看意思是他在毒品作用下写歌 清醒时再修改?
ZenMan1
5/16/2017 11:08 AM PDT
People are very confused these days about what is "poetry" and what isn't. The Modernist experiments of the first half of the 20th Century confused a lot of semi-literate souls (like public school teachers). Lines of emotionally tinged prose written in eccentric, disjointed patterns on a page are not poetry. Real poetry is rooted in song and dance, but has an independent existence. If a composition has no recognizable rhythmic or lyric (sonic) components, it's just prose no matter what the typography looks like.
This disqualifies as poetry 75-85% of everything that has been presented to the public as "poetry" in the 20th Century, even if the work has won prizes and "critical acclaim" and the author is famous.

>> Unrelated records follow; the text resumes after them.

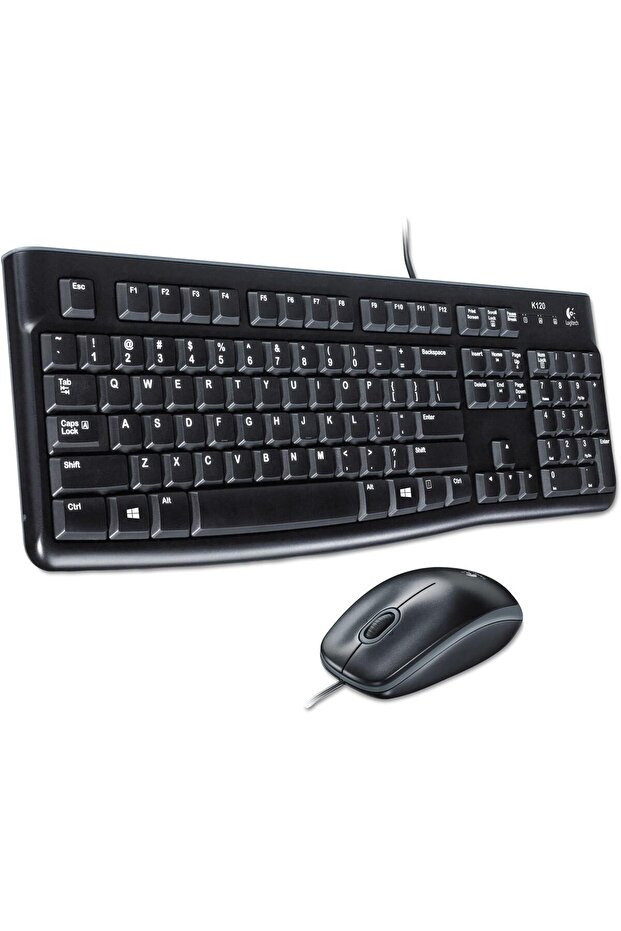 MK120 Wired Keyboard/Mouse, USB Desktop Set, Black - 1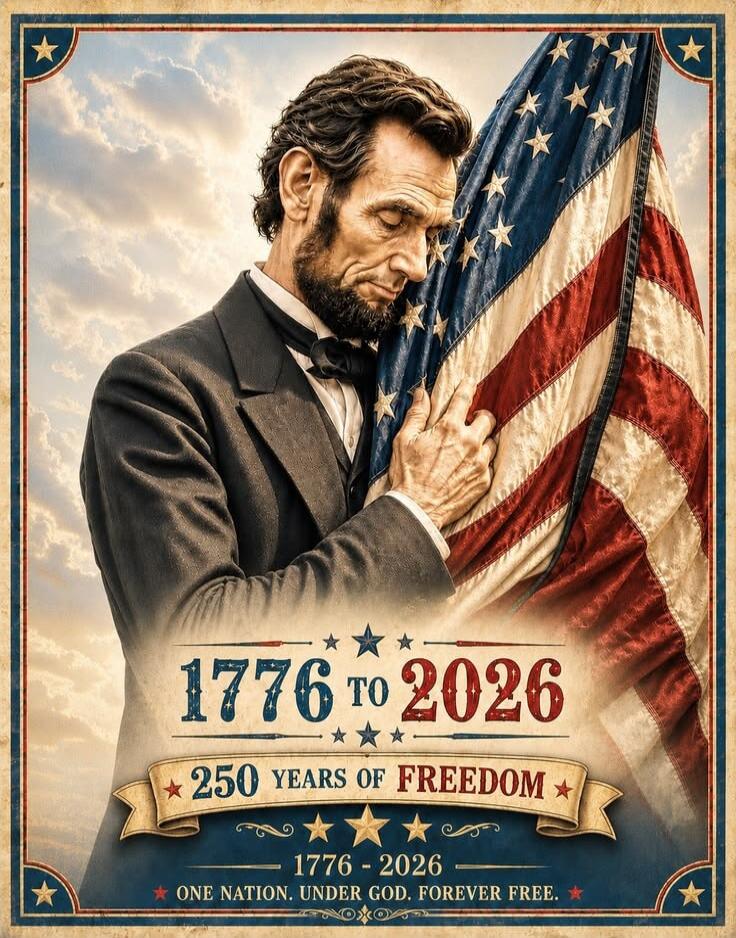 1776 to 2026 250 YEARS OF FREEDOM 1776 - 2026 ONE NATION. UNDER GOD. FOREVER FREE.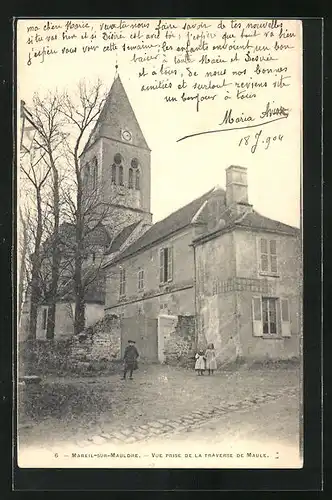 AK Mareil-sur-Mauldre, Vue prise de la Traverse de Maule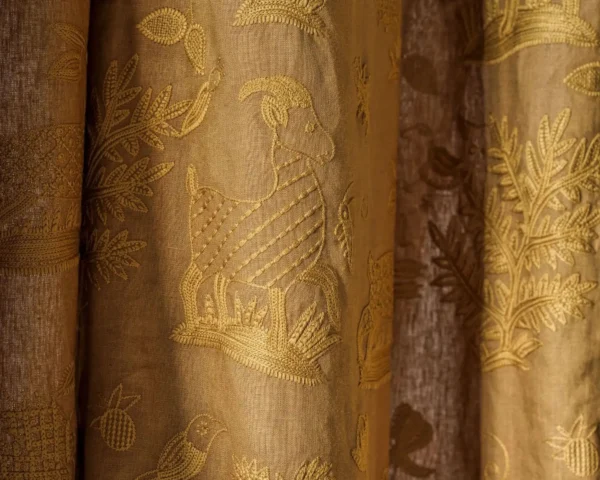 Medieval Embroidery Fabric - Mustard by brown botanical curtain with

If you want to know what the human race has considered to be poetry, what defines poetry, you need to read a healthy, representative selection of works written from the time of Homer to the end of the 19th Century in the original languages when you're able. All of it has rhythmic and lyric (song like) qualities that make it easily distinguishable from prose.

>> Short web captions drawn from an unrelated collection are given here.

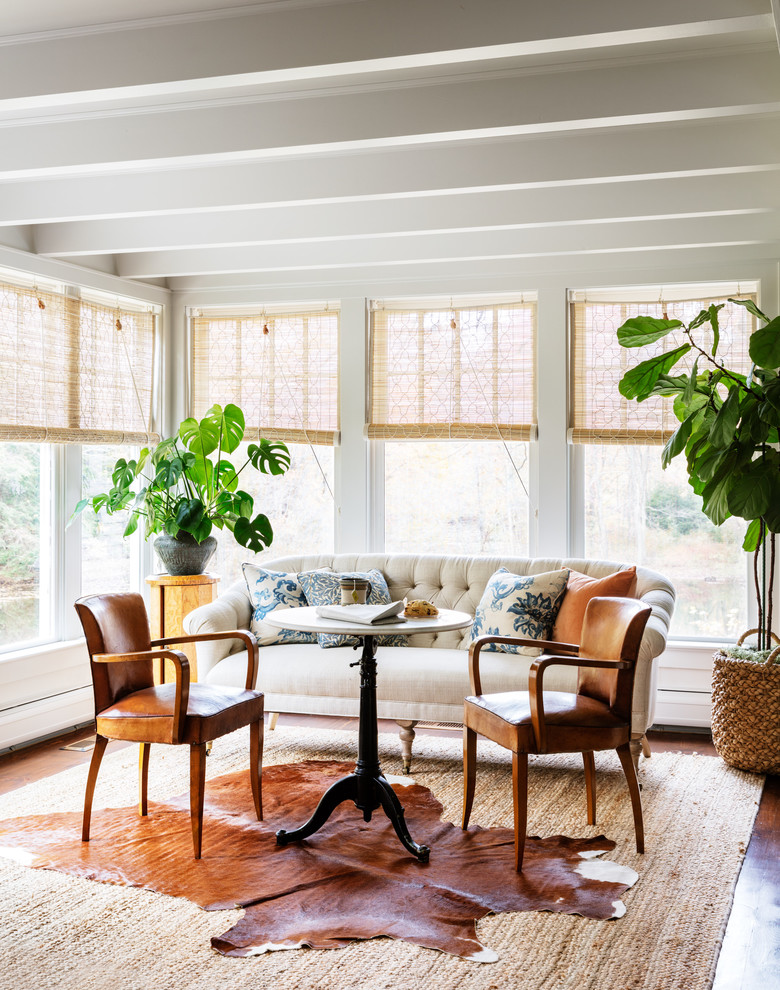 Elegant sunroom photo in New York with a standard ceiling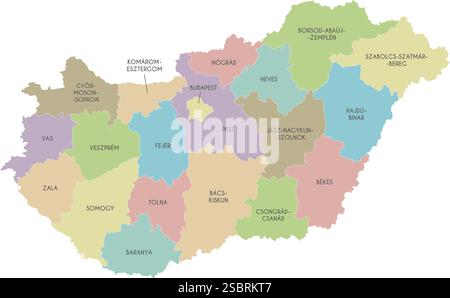 Vector regional map of Hungary with counties or territories and administrative divisions. Editable and clearly labeled layers. Stock Vector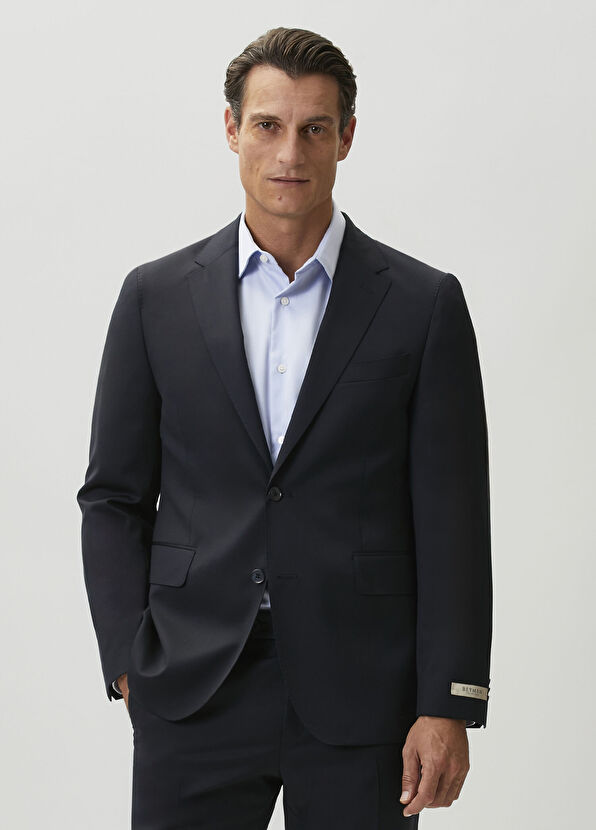 Beymen Collection Navy Blue Wool Suit - 2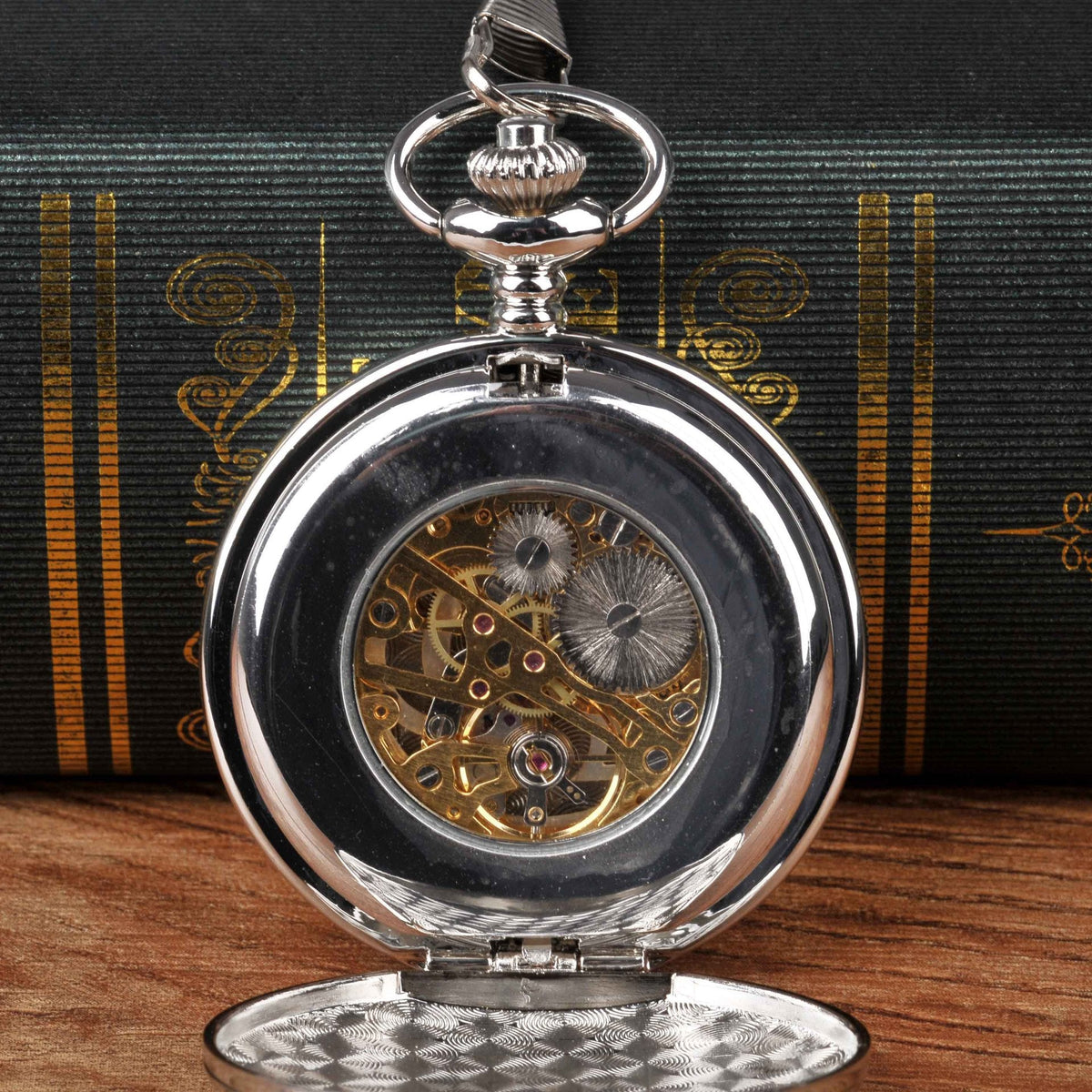 Large Pocket Watch Silver Double-hinged Mechanical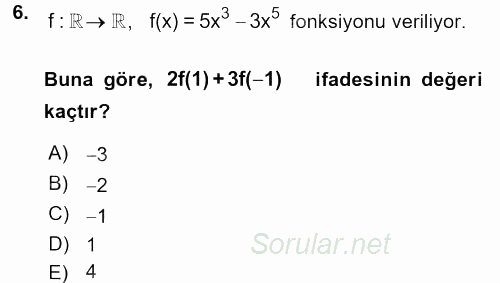 Matematik 1 2016 - 2017 3 Ders Sınavı 6.Soru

Dylan is an interesting case. Many of his famous and most loved songs have lyrics that are the product of free association while on drugs -- they are "surreal" and suggestive of meaning without actually meaning anything much. Yes, Coleridge's "Kubla Khan; or, A Vision in a Dream: A Fragment" originated in an opium trip, but he obviously had a go at it again while he came down, and it makes sense to the reader in a way many of Dylan's unedited products don't. Being "experimental" doesn't make something "poetical," or, in Dylan's case, even grammatical. Dylan's works are "pop songs" and have pleased, and even inspired, many people. Does that make them "poetry" or "literature"? I can give you a definitive "Maybe, but probably not" on that.